From this page Derivatives of a Bézier Curve, I can see that the derivative of a degree $N$ Bezier curve is just a Bezier curve of degree $N-1$ and it explains how to calculate the control points by each control point just being $P_{i+1} - P_i$.
Is it also true that the derivative of a Bezier rectangle of degree $(M,N)$ is also just a Bezier rectangle of degree $(M-1,N-1)$? If so, how would you calculate the control points for the rectangle?
By Bezier rectangle, I mean a tensor product Bezier surface, like the kind described here Wikipediate: Bezier Surface.
I've been trying to work it out on paper but no luck so far. I've been able to make progress on coming up with a derivative, but it has quite a few terms even for a biquadratic patch, and i'd like to do this with higher degrees.
My end goal is that I'm trying to calculate the gradient of a univariate Bezier rectangle that has scalar control points. Specifically, the rectangle takes $X$ and $Z$ values from 0 to 1 and outputs a $Y$ value for the given $(X,Z)$. I want to find the gradient so that I can use it to calculate surface normals, as well as get a distance estimation for sphere tracing (ray marching).
Thanks for any help you guys can provide!
Yes, it's true (almost). If the surface parameters are $u$ and $v$, the partial derivative wrt $u$ is a Bezier patch of degree $(M, N-1)$ and the partial derivative wrt $v$ is a Bezier patch of degree $(M-1, N)$.
If you are using the deCasteljau algorithm to calculate points on your patch, then the partial derivatives will be natural by-products.

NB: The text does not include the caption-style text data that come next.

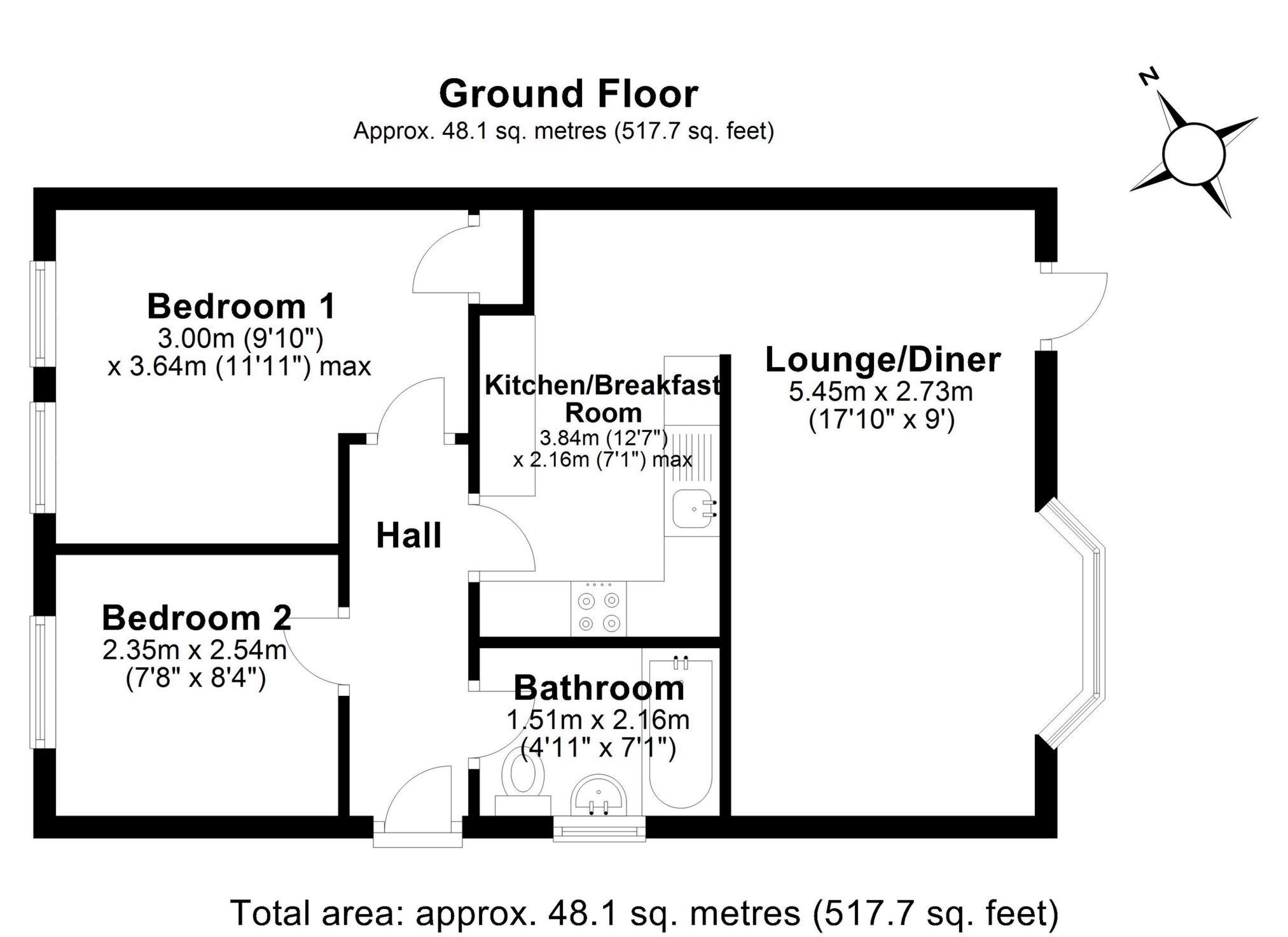 Floor Plan 1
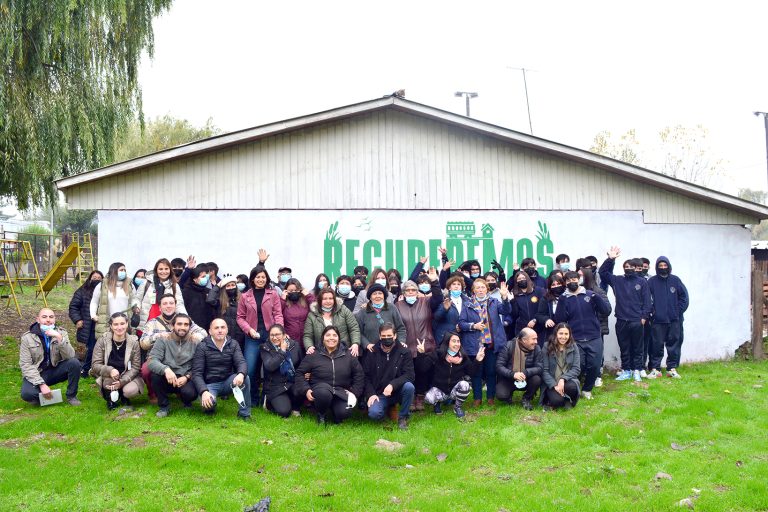 Finaliza proyecto ejecutado por ONG Territorio a Escala Humana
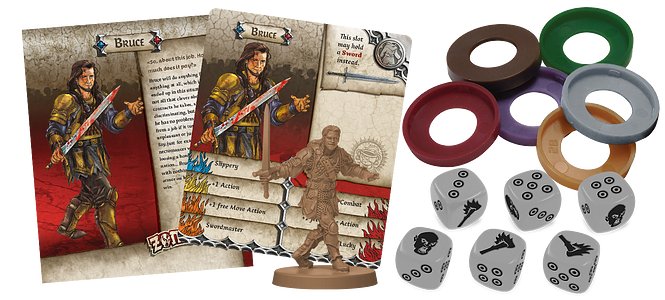 Zombicide: Black Plague – Game Night Kit 1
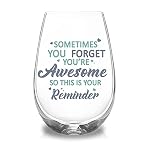 Wine Glasses Thank You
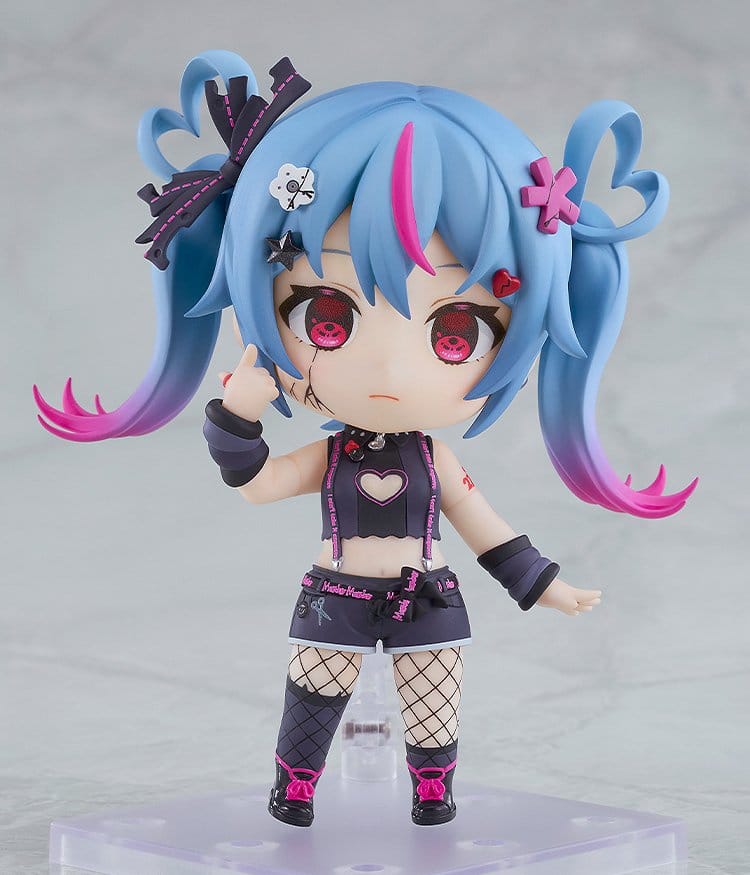 Character Vocal Series 01: Hatsune Miku PVC Figur Nendoroid Hatsune Miku: DecoMiku (Darkness) 10 cm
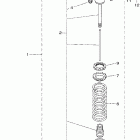 YZ85V Задняя подвеска
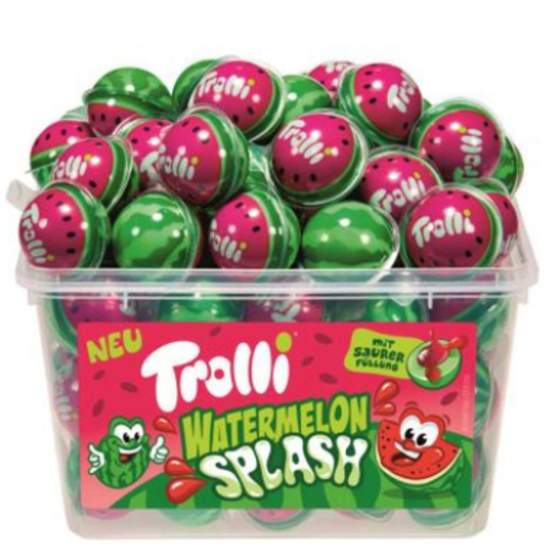 TROLLI - Watermelon Splash x 60uns
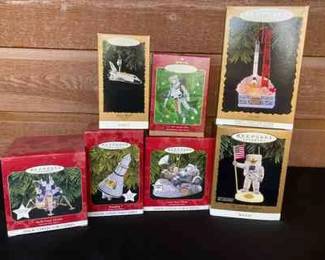 Hallmark Keepsake Ornaments The Moon Space
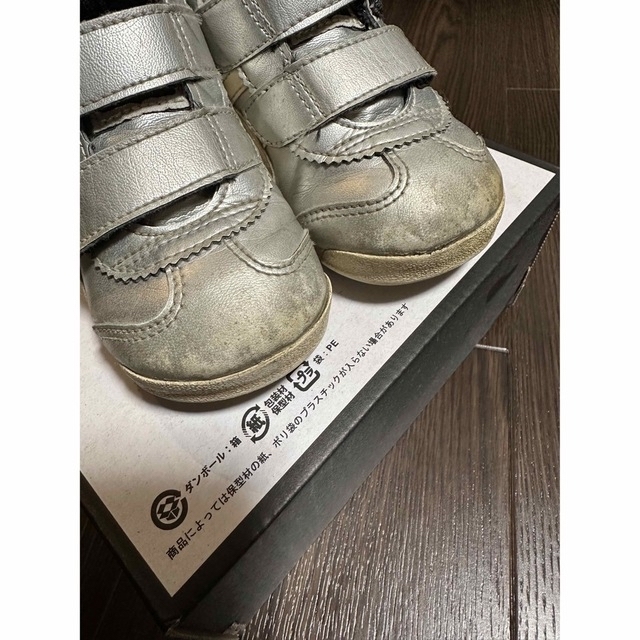 Onitsuka Tiger(オニツカタイガー)のオニツカタイガー　子供14,5センチ キッズ/ベビー/マタニティのベビー靴/シューズ(~14cm)(スニーカー)の商品写真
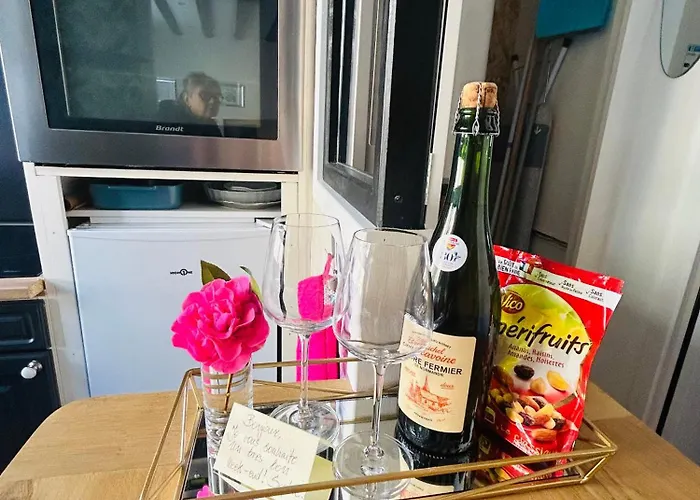 Chic De Sophie Plein Coeur Du Centre-ville * Honfleur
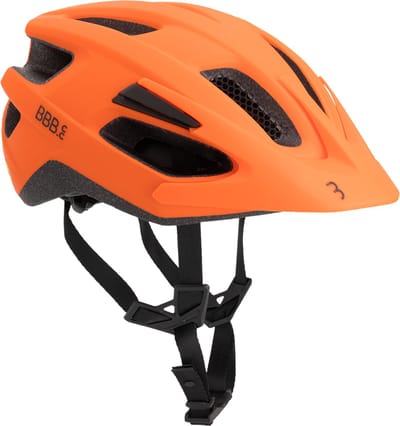 BBB Cycling Dune Mips 3.0 Fietshelm Volwassenen - MTB & Racefiets - Fidlock Sluiting - Inclusief Achterlicht Houder - Mat Neon Oranje - Maat L (58-61cm) - BHE-23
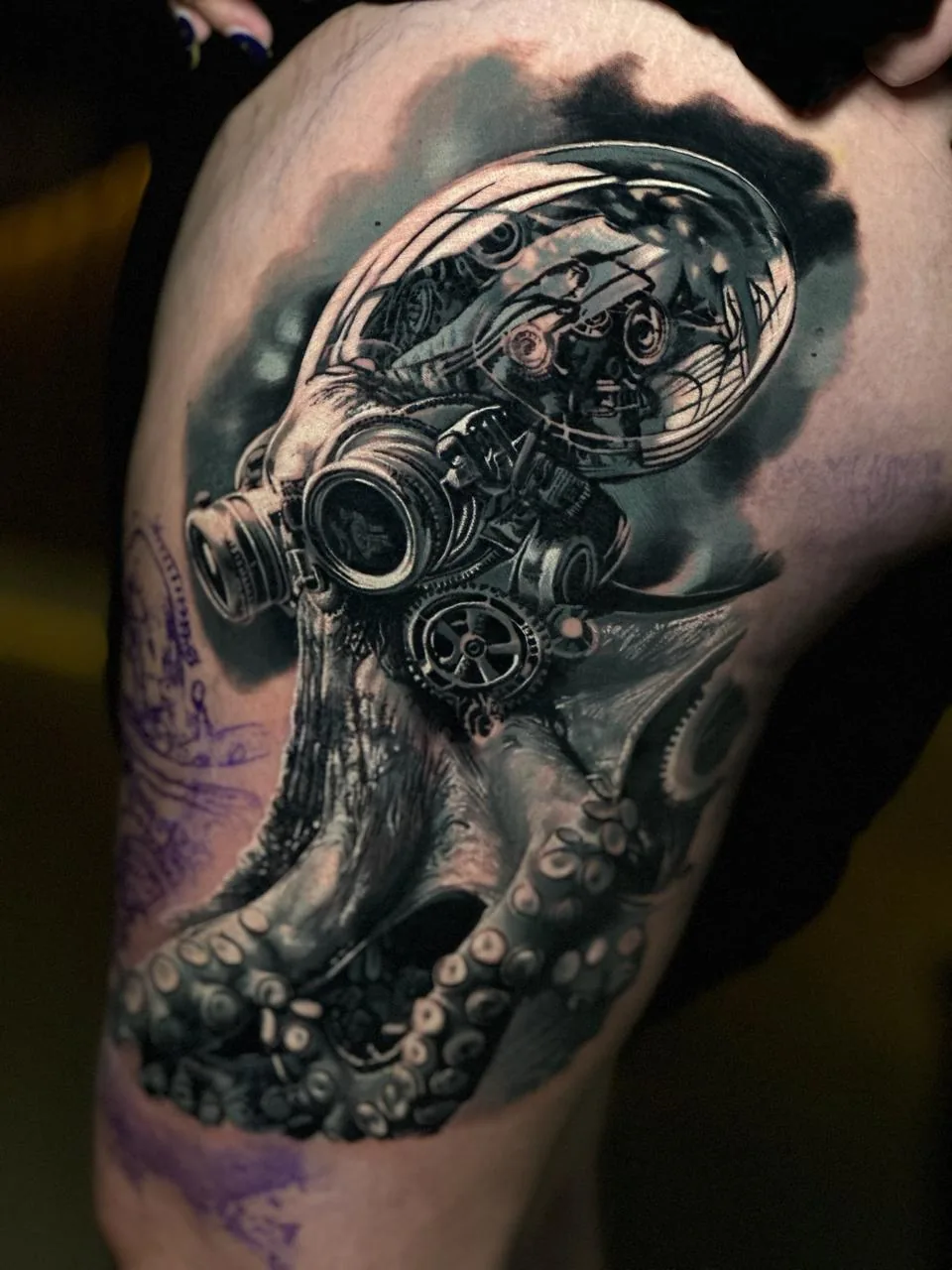Tattoo by Tattoo Shop Santa Tinta at Tattoo Shop Santa Tinta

Often the best way to handle a surface computation is to reduce it to a curve computation. So, suppose you want to calculate the partial derivative wrt $u$ at parameter values $(\bar u, \bar v)$ on the Bezier patch $(u,v) \mapsto \mathbf{S}(u,v)$. The curve $\mathbf{C}(u) = \mathbf{S}(u,\bar v)$ is a Bezier curve, whose control points are easy to obtain. The desired partial derivative is just the derivative of the Bezier curve $\mathbf{C}$ at the parameter value $u = \bar u$.